⟨

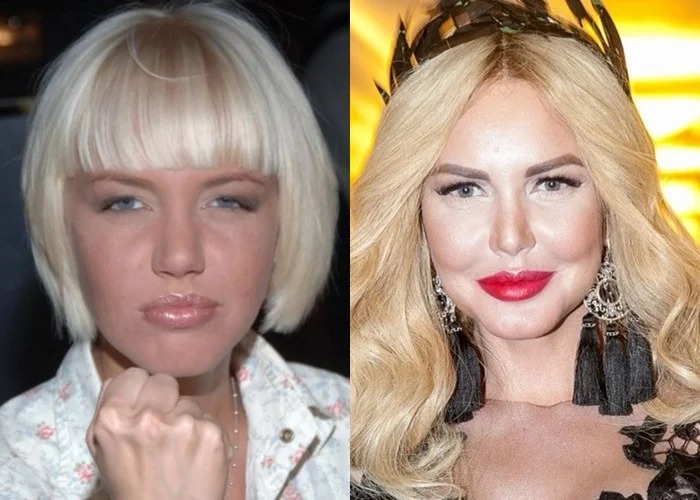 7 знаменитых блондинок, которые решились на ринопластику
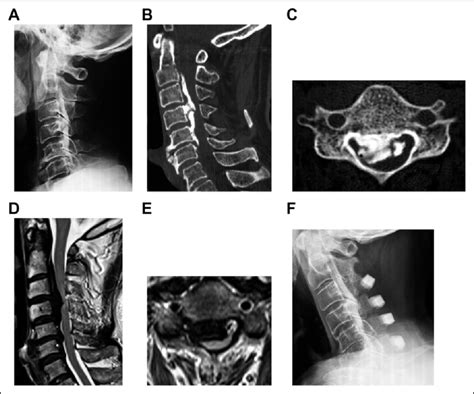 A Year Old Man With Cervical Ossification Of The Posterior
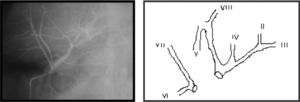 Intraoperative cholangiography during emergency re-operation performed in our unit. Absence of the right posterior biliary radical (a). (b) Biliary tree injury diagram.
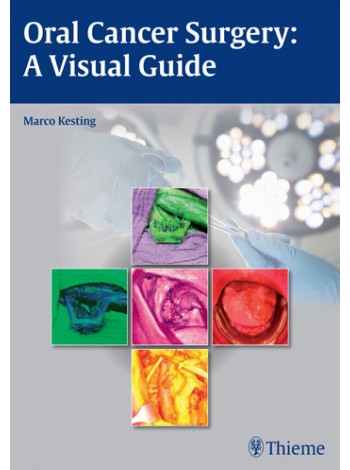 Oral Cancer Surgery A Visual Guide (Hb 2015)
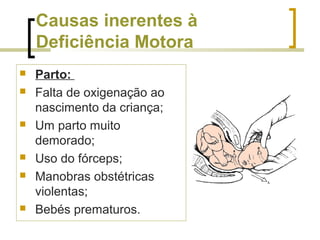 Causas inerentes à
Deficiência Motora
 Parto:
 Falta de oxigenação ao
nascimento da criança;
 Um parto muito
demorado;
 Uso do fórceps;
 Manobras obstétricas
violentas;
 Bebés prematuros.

⟩
⟨

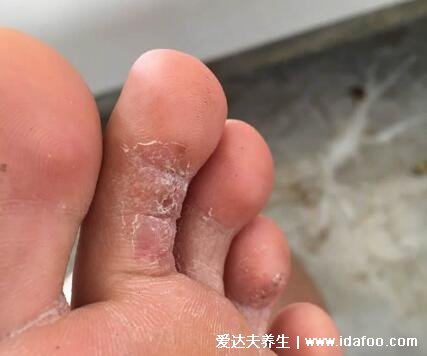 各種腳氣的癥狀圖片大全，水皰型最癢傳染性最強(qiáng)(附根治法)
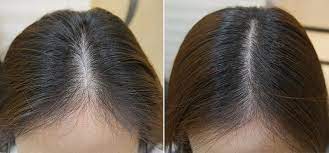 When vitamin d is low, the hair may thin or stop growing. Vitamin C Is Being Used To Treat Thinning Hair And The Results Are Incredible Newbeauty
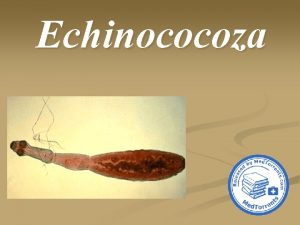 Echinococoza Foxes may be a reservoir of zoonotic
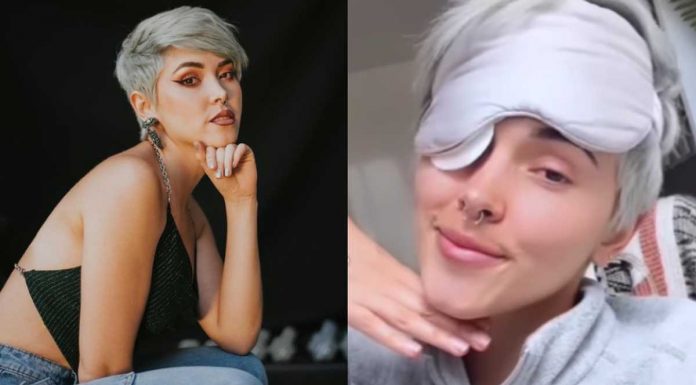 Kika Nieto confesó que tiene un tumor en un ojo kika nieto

⟩

[Exercise directions]: What are the lines above from the one with "7 знаменитых блондинок, которые" to the one with "Intraoperative cholangiography during", both included? Reproduce them exactly, without pictures.

[Result of this exercise]:
 7 знаменитых блондинок, которые решились на ринопластику
 A Year Old Man With Cervical Ossification Of The Posterior
 Intraoperative cholangiography during emergency re-operation performed in our unit. Absence of the right posterior biliary radical (a). (b) Biliary tree injury diagram.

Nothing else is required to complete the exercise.